To prove it, Walker dominated the first round of the Derby, hitting 10 homers on his first 13 swings and 13 total, before hitting six more in the second round to dispatch Caminero in a head-to-head matchup, knocking Caminero out on a walk-off to end the round early and conserve his energy. Wearing a backwards cap to evoke a right-handed Ken Griffey Jr., with his father high-fiving fans around him in the stands, Walker then took on Schwarber in the finals.

“He was awesome today,” his dad, Derek Walker, said afterward. “I just loved everything about it. Just his attitude, his approach, the smoothness of his swing – looked like his dad. But I thought, yeah, he just did a great job. We’re just so proud of him. He’s just -- really, we’re proud.”

Before Walker, the highest finishing Cardinals player in a Derby was Albert Pujols, who lost to Garret Anderson in the finals of the 2003 event.

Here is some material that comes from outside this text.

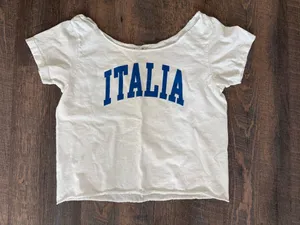 Brandy Melville John Galt “Italia” Off the Shoulder Top thumbnail 2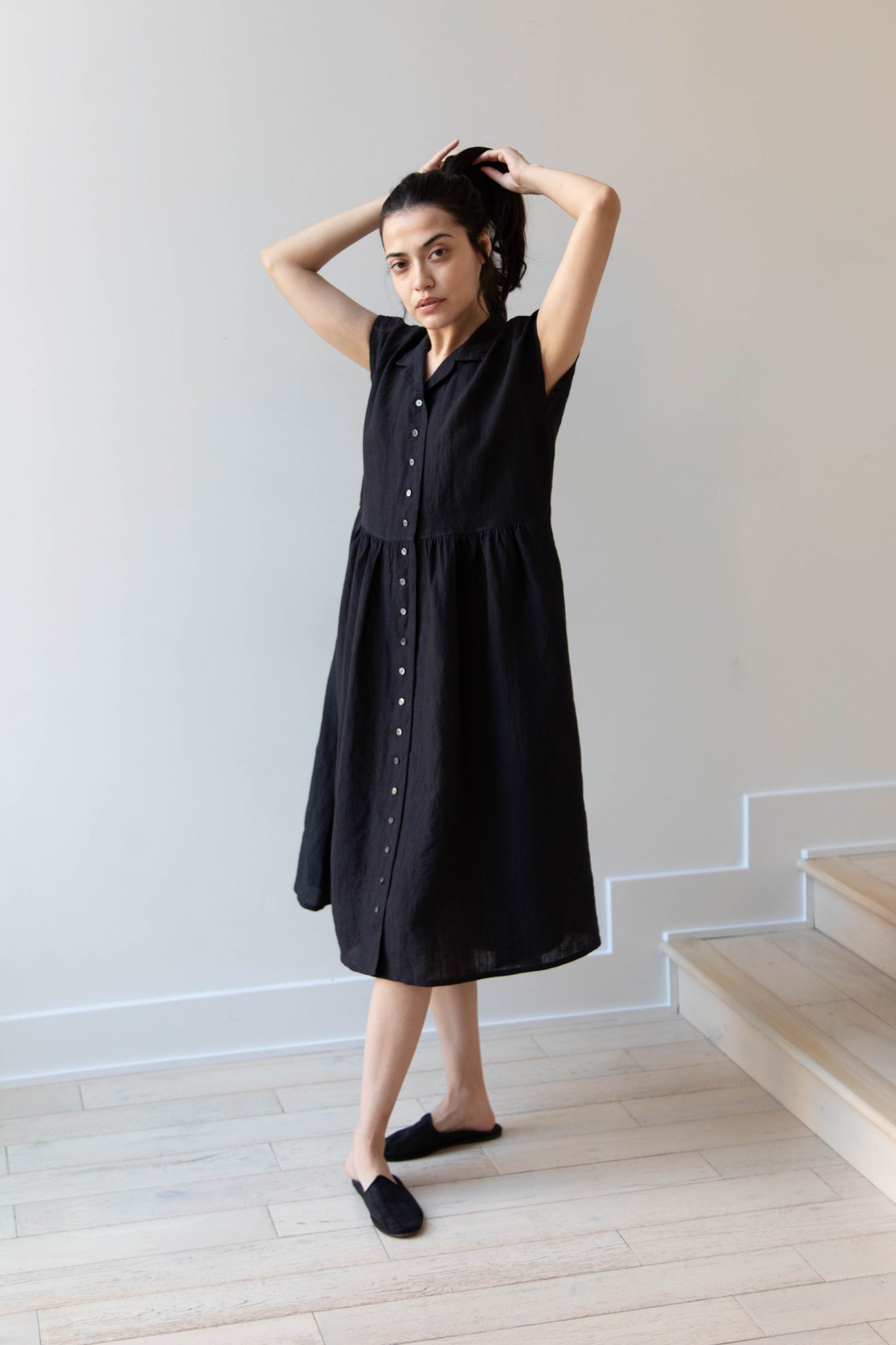 Soil | Petit Collar Linen Dress in Black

Before this season, Walker struggled for three years to find his footing at the highest level, following up a promising rookie campaign in 2023 with disappointing summers the next two years. In 2024-25 combined, Walker hit just 11 homers. He spent a significant chunk of 2024 in the Minors, looking to unlock more power in his swing. The next year, a pair of injuries further inhibited Walker from establishing himself.

Then came this year. Entering Spring Training, Walker worked with the Cardinals’ hitting team on simplifying his swing. Rather than focus on minute mechanical adjustments, the former top prospect fell back into old habits, with a swing capable of regularly pulling the ball in the air. Over his first 16 games of the season, Walker hit eight home runs, finally unlocking the power he and the Cardinals knew was inside him. He finished with 22 before the break to earn an invitation to his first career Derby.

“I felt better than I ever have, in all honesty,” Walker said. “I’m like, ‘What is this? What’s the blueprint for this? We need to just see what this looks like and try to replicate it. Instead of doing all these different swing dives and everything like that, I think we’ve just got to keep it simple, keep it athletic.' And then it really kind of took off from there.”